ASSEMBLY SPECIAL COMMITTEE ON INFRASTRUCTURE AND NATURAL RESOURCES

 

STATEMENT TO

 

[First Reprint]

ASSEMBLY, No. 1736

 

with committee amendments

 

STATE OF NEW JERSEY

 

DATED:  SEPTEMBER 22, 2022

 

      The Assembly Special Committee on Infrastructure and Natural Resources reports favorably and with committee amendments Assembly Bill No. 1736 (1R).

      This bill would amend and supplement the “Water Supply Management Act” to require the State’s water purveyors (i.e., public and private water providers) who have more than 500 service connections to conduct annual water loss audits. 

      Specifically, beginning no later than 36 months after the bill is enacted into law, every water purveyor will be required to annually submit a water loss audit to the Department of Environmental Protection (DEP).  The bill would direct the DEP, within 18 months after the bill is enacted into law, to adopt regulations concerning the conduct and validation of water loss audits based on the most current edition of the American Water Works Association’s “Water Audits and Loss Control Programs, Manual M36” and its associated Free Water Audit Software.  The regulations are to include a provision requiring the water purveyor to notify its customers of the water loss reported in the water audit either on or with the water purveyor’s next annual consumer confidence report or on or with the next bill the customer receives after the water audit is submitted.  The bill also requires public water utilities regulated by the Board of Public Utilities to provide the board with a completed and validated water loss audit. 

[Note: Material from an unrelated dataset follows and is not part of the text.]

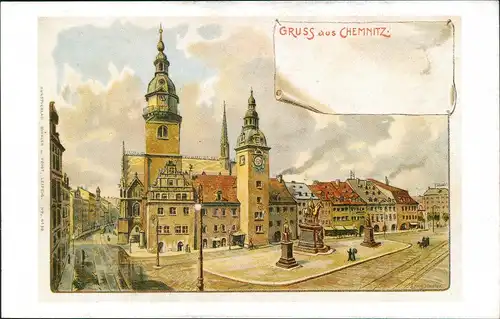 Chemnitz Stadtteilansicht ca. anno 1910 Reprint-AK Bild und Heimat 1980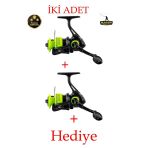 2 Adet Bauer Hıkaru 200 Lrf & Spin Olta Makinesi 5 Bilye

      The bill would also require the DEP, no later than 48 months after the date of the bill’s enactment, to adopt recommendations setting forth:  (1) a minimum data validity score or a specific level of yearly improvement in the data validity score of future annual water loss audit reports; and (2) performance standards to be met by a water purveyor concerning the volume of water losses that the DEP publishes on its website.

      The bill would require the DEP, in consultation with the New Jersey Infrastructure Bank, to establish, in each of the two fiscal years beginning after the date of the bill’s enactment, a grant program to assist water purveyors in procuring water loss audit report validation under the bill, within the limits of funds appropriated or made available to the DEP. 

      The bill would require a water purveyor that is subject to the requirements of the “Water Quality Accountability Act” to consider the findings of its annual water loss audit reports when determining which projects are to receive highest priority in the asset management plan prepared pursuant to section 7 of P.L.2017, c.133 (C.58:31-7). 

      Lastly, the bill would update the definitions section and make other technical amendments to the “Water Supply Management Act.”

 

COMMITTEE AMENDMENTS

      The committee amendments to the bill update the language in section 10 of the bill to reflect current State law.